Records supplied:
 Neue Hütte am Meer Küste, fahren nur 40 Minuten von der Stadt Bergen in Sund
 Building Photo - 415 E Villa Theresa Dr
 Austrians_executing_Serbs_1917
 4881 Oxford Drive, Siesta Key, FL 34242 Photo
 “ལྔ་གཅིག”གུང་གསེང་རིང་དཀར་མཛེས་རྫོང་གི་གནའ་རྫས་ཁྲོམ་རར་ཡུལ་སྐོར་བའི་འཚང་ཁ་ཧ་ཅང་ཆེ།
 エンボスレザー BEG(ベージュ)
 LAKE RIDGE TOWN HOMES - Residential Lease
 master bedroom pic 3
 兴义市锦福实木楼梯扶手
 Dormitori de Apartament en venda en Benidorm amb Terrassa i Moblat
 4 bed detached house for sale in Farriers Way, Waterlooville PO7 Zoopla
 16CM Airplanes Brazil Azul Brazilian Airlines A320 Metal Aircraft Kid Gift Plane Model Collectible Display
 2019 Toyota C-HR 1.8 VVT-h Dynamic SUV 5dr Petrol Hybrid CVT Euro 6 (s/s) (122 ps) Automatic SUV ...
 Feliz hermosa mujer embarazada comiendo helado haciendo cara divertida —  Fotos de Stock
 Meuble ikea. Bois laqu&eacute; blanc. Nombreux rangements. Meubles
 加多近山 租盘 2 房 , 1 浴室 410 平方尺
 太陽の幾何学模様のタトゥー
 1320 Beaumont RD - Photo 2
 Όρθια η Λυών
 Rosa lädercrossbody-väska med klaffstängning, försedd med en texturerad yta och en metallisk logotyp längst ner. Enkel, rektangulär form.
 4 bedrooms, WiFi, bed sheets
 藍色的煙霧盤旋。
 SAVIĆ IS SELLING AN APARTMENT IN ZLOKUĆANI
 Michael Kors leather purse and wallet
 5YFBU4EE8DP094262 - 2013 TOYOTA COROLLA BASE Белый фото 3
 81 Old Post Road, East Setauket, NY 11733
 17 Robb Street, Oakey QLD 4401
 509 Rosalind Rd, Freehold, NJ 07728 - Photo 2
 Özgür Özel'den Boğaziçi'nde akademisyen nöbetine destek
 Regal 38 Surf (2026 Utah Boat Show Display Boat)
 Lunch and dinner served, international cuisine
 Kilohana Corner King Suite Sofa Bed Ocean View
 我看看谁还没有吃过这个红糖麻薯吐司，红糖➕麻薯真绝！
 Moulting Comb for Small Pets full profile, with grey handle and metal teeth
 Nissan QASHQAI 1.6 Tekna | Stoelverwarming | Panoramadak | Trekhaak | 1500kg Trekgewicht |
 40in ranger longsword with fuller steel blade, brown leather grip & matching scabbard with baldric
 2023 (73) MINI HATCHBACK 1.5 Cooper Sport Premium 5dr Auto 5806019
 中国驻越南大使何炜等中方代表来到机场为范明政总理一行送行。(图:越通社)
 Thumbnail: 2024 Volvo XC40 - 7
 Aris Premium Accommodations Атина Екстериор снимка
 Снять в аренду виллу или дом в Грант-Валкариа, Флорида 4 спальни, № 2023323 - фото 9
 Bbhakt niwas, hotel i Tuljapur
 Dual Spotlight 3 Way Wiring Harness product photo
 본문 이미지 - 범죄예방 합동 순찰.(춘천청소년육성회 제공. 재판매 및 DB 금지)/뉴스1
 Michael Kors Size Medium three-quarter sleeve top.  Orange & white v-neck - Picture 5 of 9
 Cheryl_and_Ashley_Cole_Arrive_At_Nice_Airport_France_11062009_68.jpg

Exercise description:
Answer with a number only. How many lines in the records include the word "Kors"?

Your solution:
2